NOTE This is useful during feature development and optimization, but most AI features are meant to be integrated into a larger application which usually dictates power configuration.
The library is can be used in two ways: the developer can choose one of the predefined optimized power settings (defined here), or can specify their own like so:
const ns_power_config_t myConfig = {
.eAIPowerMode = NS_MAXIMUM_PERF,
.bNeedAudAdc = true,
.bNeedSharedSRAM = false,
.bNeedCrypto = false,
.bNeedBluetooth = true,
.bNeedUSB = false,
.bNeedIOM = true,
.bNeedAlternativeUART = true,
.b128kTCM = false
};
main() {
...
ns_power_config(&myConfig);
...
}
There are a number of peripherals that will prevent the SoC from actually entering deep sleep, and often these peripherals are only used for a short period. neuralSPOT's ns_deep_sleep()
keeps track of peripherals used by neuralSPOT, and disables/enables them as needed.
Real applications rarely have to printf
, but this is a common operation while a model is being development and debugged. Even though printf
will typically not be used after the feature is released, neuralSPOT offers power-aware printf
support so that the debug-mode power utilization is close to the final one.
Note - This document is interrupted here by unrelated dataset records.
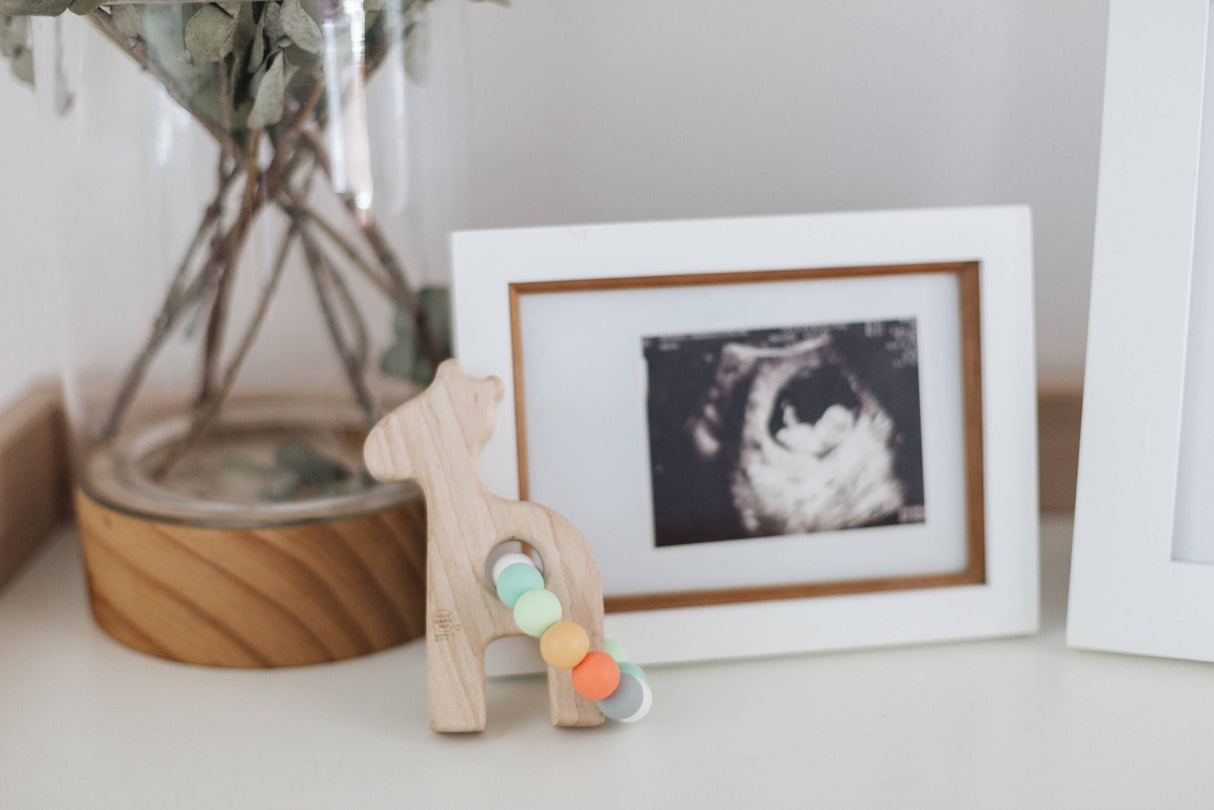 Giraffe Grasping Wooden Baby Toy with Teething Beads: CONFETTI - The Regal Find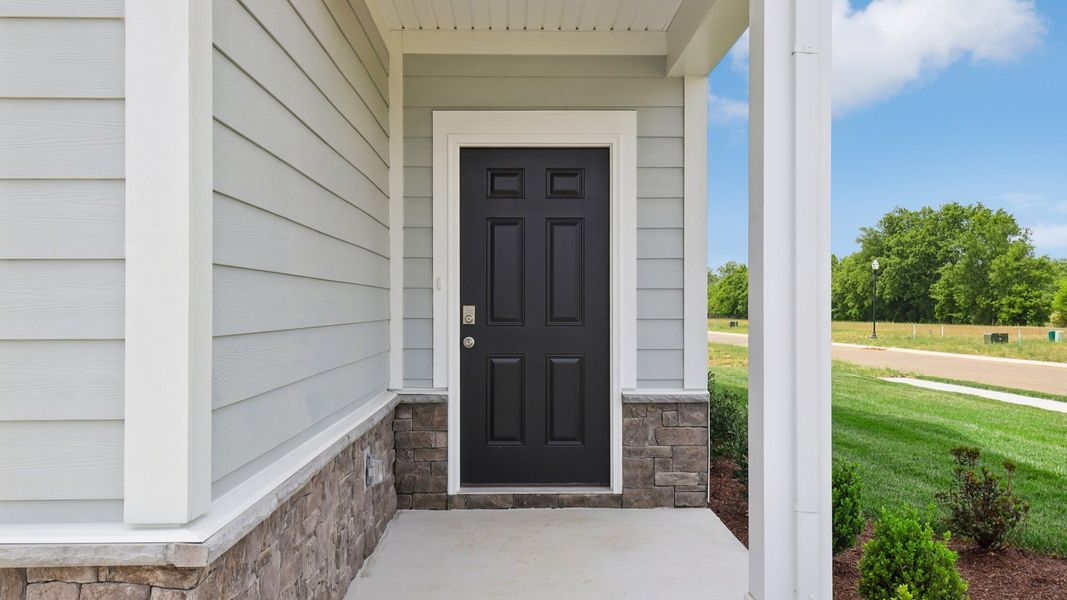 Covered Entryway to home with black door Covered Entryway to home with black door
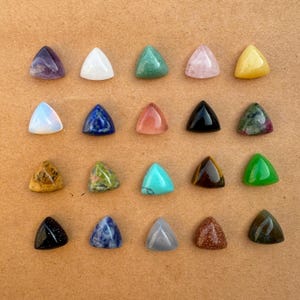 Może przedstawiać: Dwudzieścia cztery trójkątne kaboszony z kamieni szlachetnych w różnych kolorach i wzorach, w tym ametyst, biały, zielony, różowy kwarc, żółty, opal, lapis lazuli, różowy, czarny, zielony, tygrysie oko, turkusowy i inne.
When using Jlink to debug, prints are usually emitted to either the SWO interface or the UART interface, each of which has power implications. Selecting which interface to use is straighforward:
ns_uart_printf_enable(); // use uart to print, uses less power
/// or
ns_itm_printf_enable(); // *may* use more power
The tradeoff between UART and ITM isn't straightforward: enabling UART will use slightly more power than enabling ITM without connecting to the ITM interface (e.g. via make view
), but connecting to the ITM will use much more power (authors note: when we're only doing occasional debug via printf, we'll use ITM and leave it disconnected except as needed).
Once an interface has been chosen, printing is via neuralSPOT's low power printf, ns_lp_printf()
, which behaves just like a normal printf except it enables needed peripherals only when needed - it is meant to be used in conjunction with ns_deep_sleep()
, described above.
These are utilities that help measure:
- CPU performance (ARM DTM counters such as cycle count, CPI count, etc.)
- Cache performance
- TFLM per-layer metrics (including the above)
The first two are documenented (here)[../neuralspot/ns-utils/README.md], and the TFLM profiler is documented (here)[../neuralspot/ns-harness/README.md].
When optimizing, it is useful to 'mark' regions of interest in your energy monitor captures. One way to do this is using GPIO to indicate to the energy monitor what region the code is executing in. Energy monitors like Joulescope have two GPIO inputs for this purpose - neuralSPOT leverages both to help identify execution modes.
For example, to set the GPIO to indicate that the code is inferring, the code is:
ns_set_power_monitor_state(NS_POWERMON_INFERING);
As mentioned above, there are several non-obvious knobs that have energy performance impact, including TFLM version, linking order, and compilation settings.
- TFLM version: configured via neuralSPOT's makefile here.
- Linking Order: configured via neuralSPOT's makefile here.
- Compilation Settings: configured via neuralSPOT's makefile here. Note that the GCC optimization setting is a tradeoff between code size, performance, and energy efficiency.
-O3
will result in the fastest, but slightly larger, code.
Optimizing is a difficult task, requiring experimentation and tradeoffs. Fortunately, toolkits such as neuralSPOT can make it just a bit easier. neuralSPOT is constantly evolving - if you would like to contribute a performance optimization tool or configuration, see our developer's guide for tips on how to best contribute to the project.